# New space wolf story subscription



## Brother Lucian (Apr 22, 2011)

http://www.blacklibrary.com/warhammer-40000/space-wolves-quick-reads-subscription.html

Seems Black library has started a new and interesting sounding space wolves story: 

A Great Hunt is over and the Space Wolves gather in the Fang to celebrate their victories and tell tall tales of their exploits. But one company has failed to return: that of the Great Wolf, Logan Grimnar. News of his death sends the Chapter on the hunt for the truth, with Ulrik the Slayer at their head. As they fight their way across the galaxy in search of their lord, the Space Wolves find a threat to the future of the Chapter itself. 

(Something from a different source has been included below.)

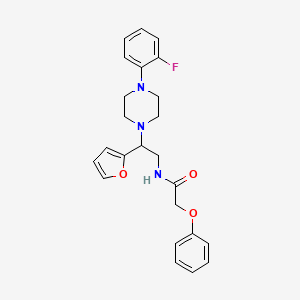 molecular formula C24H26FN3O3 B2403786 N-(2-(4-(2-fluorophenyl)piperazin-1-yl)-2-(furan-2-yl)ethyl)-2-phenoxyacetamide CAS No. 877632-93-4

From the first story Feast of Lies
After a Great Hunt, the Space Wolves return to the Fang to regale each other with tales of their glory. Only Logan Grimnar is absent. When a native tribesman speaks up in his stead and tells of how the Great Wolf has discovered the dead body of Leman Russ, there is uproar. Do they dare believe this vile rumour, what is the fate of Logan Grimnar and why has he not returned? As a quest is begun to find their missing lord, it falls to Ulrik the Slayer and Krom Dragonsgaze to discern the truth amidst the feast of lies.

-----------

Since the subscription with 8 stories is billed at 19.99 euro, I do hope it contains far more voluminous contents as the first story is billed as an e-short. They are barely a few pages.


----------



## Khorne's Fist (Jul 18, 2008)

Strange that there's no mention of who's writing these.


----------



## Tawa (Jan 10, 2010)

How on earth would a lowly tribesman have gotten into the Fang in the first place, let alone "speak up in his stead"........ :scratchhead:


----------



## Lord of the Night (Nov 18, 2009)

Tawa said:


> How on earth would a lowly tribesman have gotten into the Fang in the first place, let alone "speak up in his stead"........ :scratchhead:


What do you think Space Wolf serfs are? And at the Feasting Hall, all are welcome to speak provided they can tell a saga with the weight it deserves.


LotN


----------



## Tawa (Jan 10, 2010)

Lord of the Night said:


> What do you think Space Wolf serfs are?


Cheap labour? :laugh:


----------



## Khorne's Fist (Jul 18, 2008)

Tawa said:


> How on earth would a lowly tribesman have gotten into the Fang in the first place, let alone "speak up in his stead"....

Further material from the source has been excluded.